At the very edge of the pass band, where the equivalent phase thickness is \(\pi\), the multilayer should act as an absentee layer. However, due to the equivalent admittance being zero or infinite at this point, the multilayer cannot behave as a true absentee layer, and the previously derived expressions (7.26–7.36) must be applied.

Ripple in the Pass Band

The excessive ripple in the pass band is caused by mismatching between the equivalent admittance of the substrate, the multilayer stack, and the medium. To reduce the ripple, better matching of these admittances is necessary.

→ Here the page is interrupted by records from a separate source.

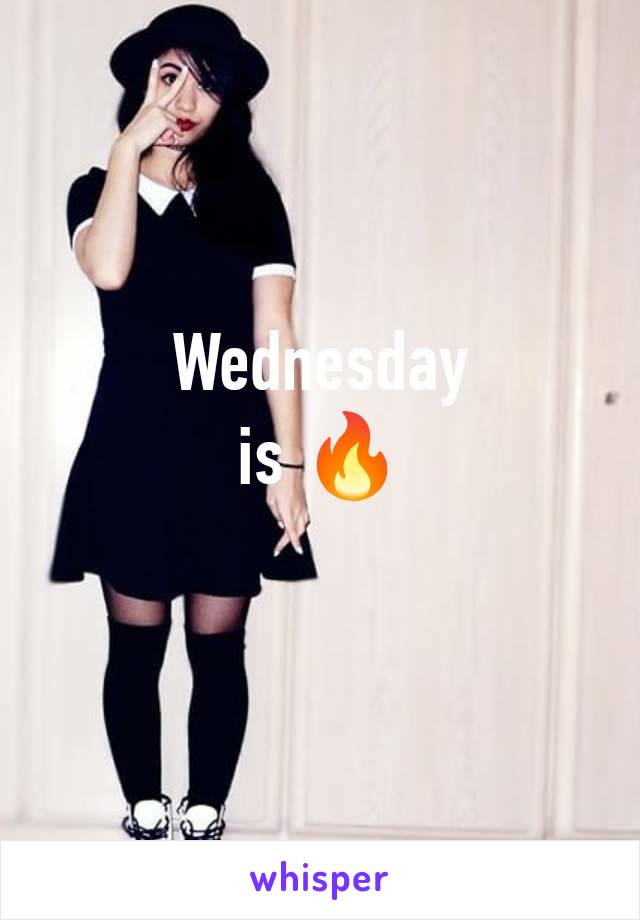 Wednesday
is 🔥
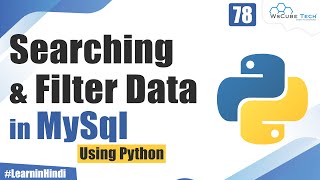 Learn Searching and Filter Data in Python MySql | Python Tutorial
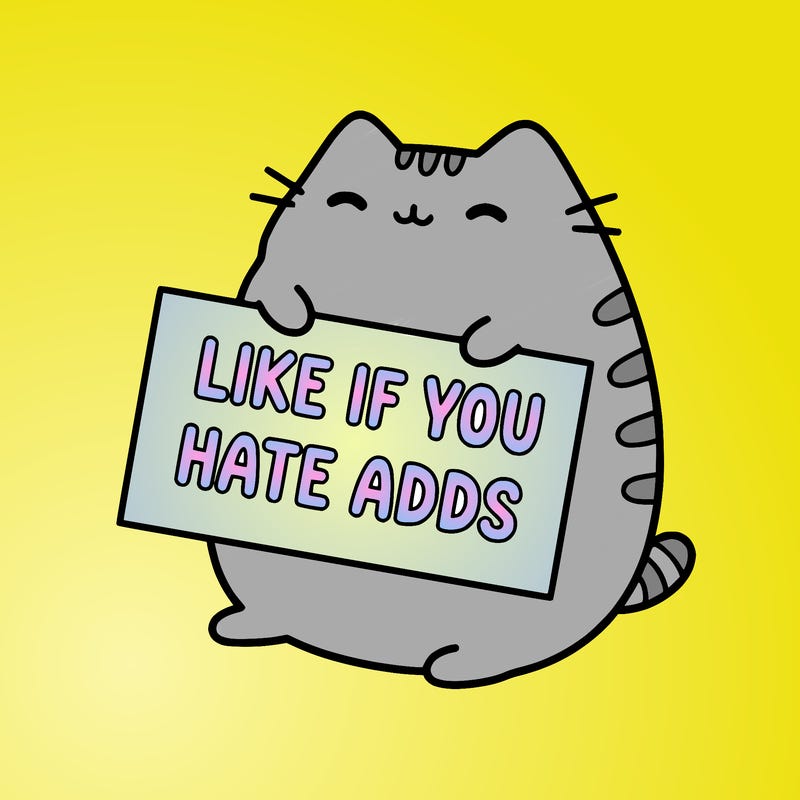 a kawii pusheen cat holding a sign that says like if you hate adds
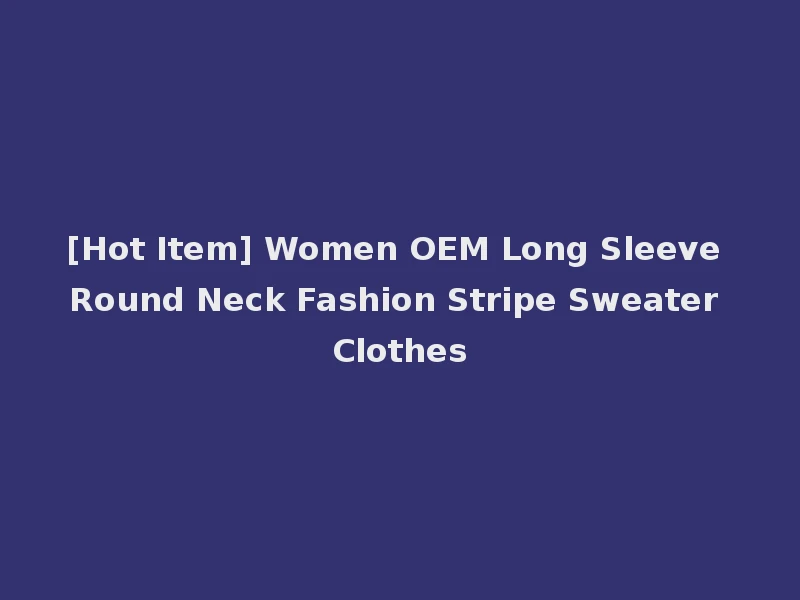 [Hot Item] Women OEM Long Sleeve Round Neck Fashion Stripe Sweater Clothes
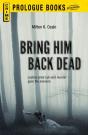 Bring Him Back Dead - Preview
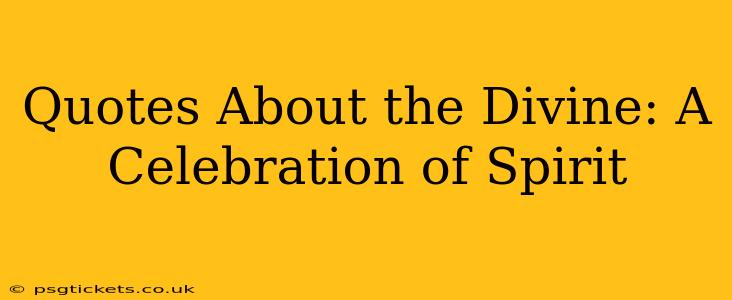 Quotes About the Divine: A Celebration of Spirit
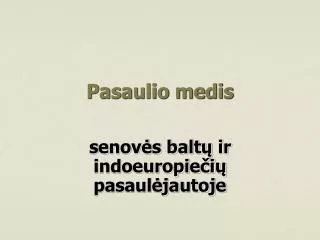 pasaulio medis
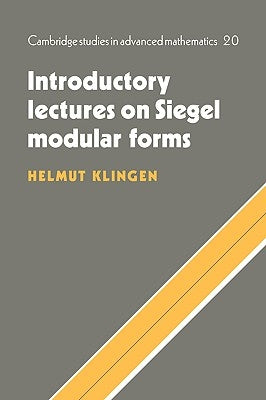 Introductory Lectures on Siegel Modular Forms by Klingen, Helmut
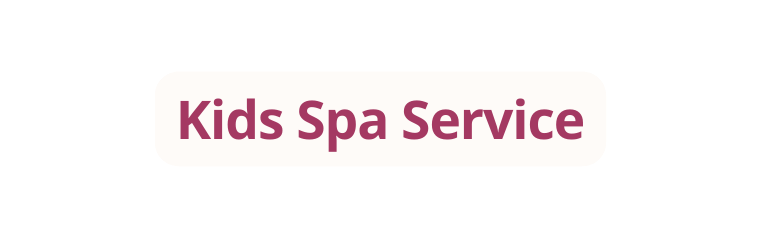 Kids Spa Service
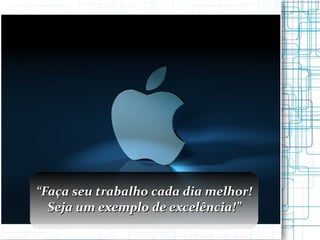 “ Faça seu trabalho cada dia melhor! Seja um exemplo de excelência!” 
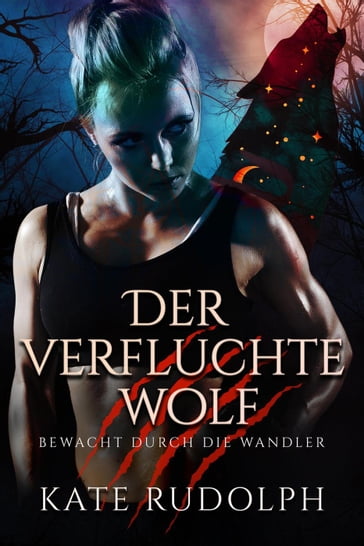 Der verfluchte Wolf: Bewacht durch die Wandler - Kate Rudolph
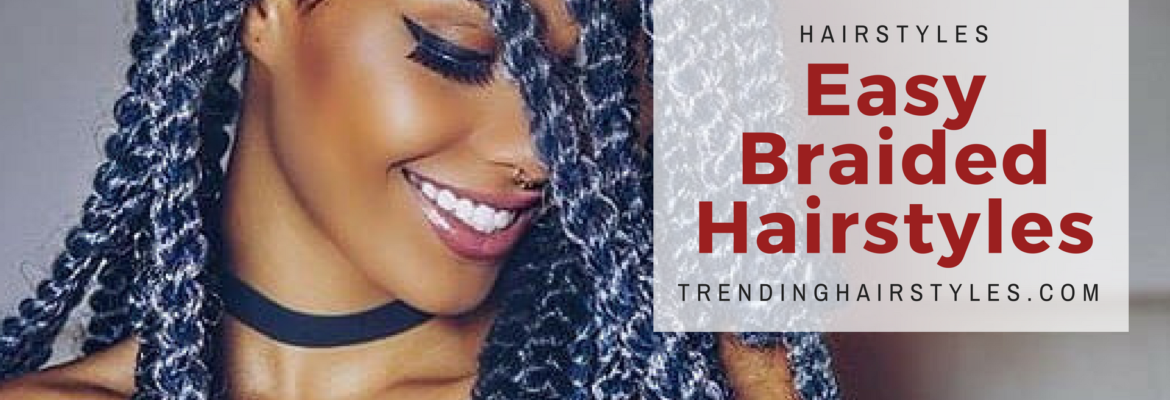 Easy Braided Hairstyles - Top 5 Amazing New Braids For Black Women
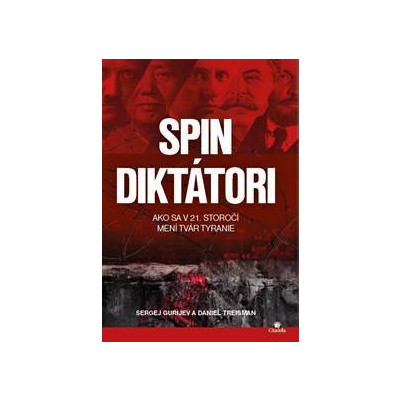 Spin diktátori - Sergej Gurijev, Daniel Treisman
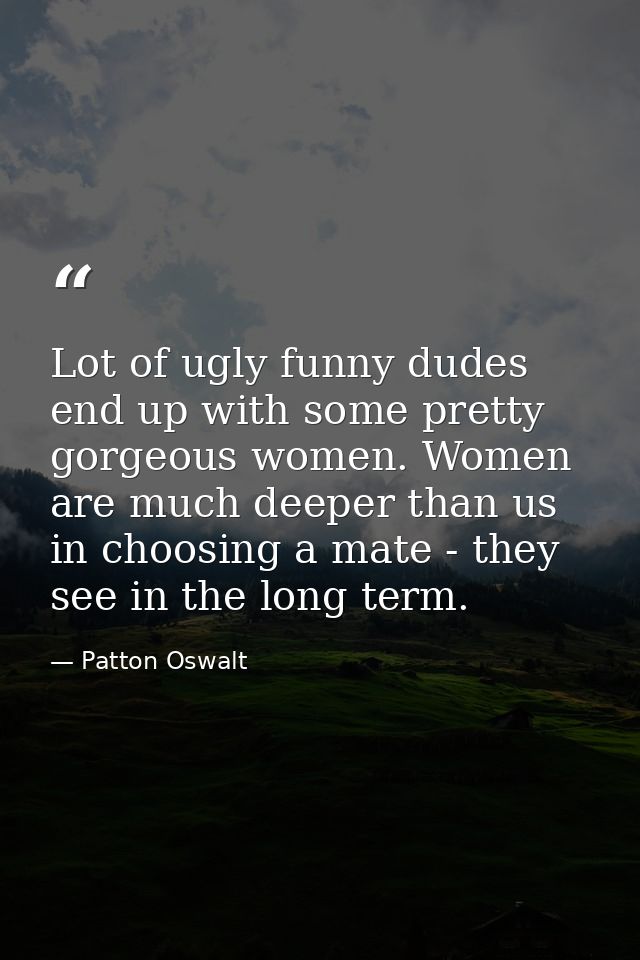 Lot of ugly funny dudes end up with some pretty gorgeous women. Women are much deeper than us in choosing a mate - they  — Patton Oswalt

Figure 7.7 illustrates these principles using a four-period multilayer as an example. Importantly, the envelopes of the reflectance curve remain independent of the number of periods, emphasizing that ripple reduction depends on admittance matching rather than the number of layers.


8. Reduction of Pass-Band Ripple

Reducing ripple in the pass band can be achieved through several approaches:

1. Matching the Equivalent Admittance

The simplest method is to select a combination of materials whose equivalent admittance closely matches that of the substrate. This is effective if the bare substrate’s reflection loss is low. For instance:

  • \([(H/2)L(H/2)]\) with \(\eta_H = 2.35\) and \(\eta_L = 1.35\) works well as a longwave-pass filter on glass (Figure 7.8).
  • \([(L/2)H(L/2)]\) is more suitable for a shortwave-pass filter (also shown in Figure 7.8).

This method requires a low-index substrate, such as glass in the visible spectrum, but may not work well for high-index substrates like silicon or germanium in the infrared without modification.

2. Varying Film Thickness

Welford suggested varying the thicknesses of the layers in the basic period to adjust the equivalent admittance closer to the desired value. However, this method is rarely used and is limited by the substrate’s low reflection loss and index.

3. Adding Matching Layers

A common and effective method is to add quarter-wave matching layers to either side of the multilayer:
– A layer with admittance \(\eta_3\) is added between the multilayer and the substrate.
– A layer with admittance \(\eta_1\) is added between the multilayer and the incident medium.

Good matching is achieved when:
\[
\eta_1 = \sqrt{\eta_0 \eta_E}, \quad \eta_3 = \sqrt{\eta_E \eta_{\text{sub}}},
\]
where:
– \(\eta_0\): Admittance of the incident medium,
– \(\eta_E\): Equivalent admittance of the multilayer,
– \(\eta_{\text{sub}}\): Admittance of the substrate.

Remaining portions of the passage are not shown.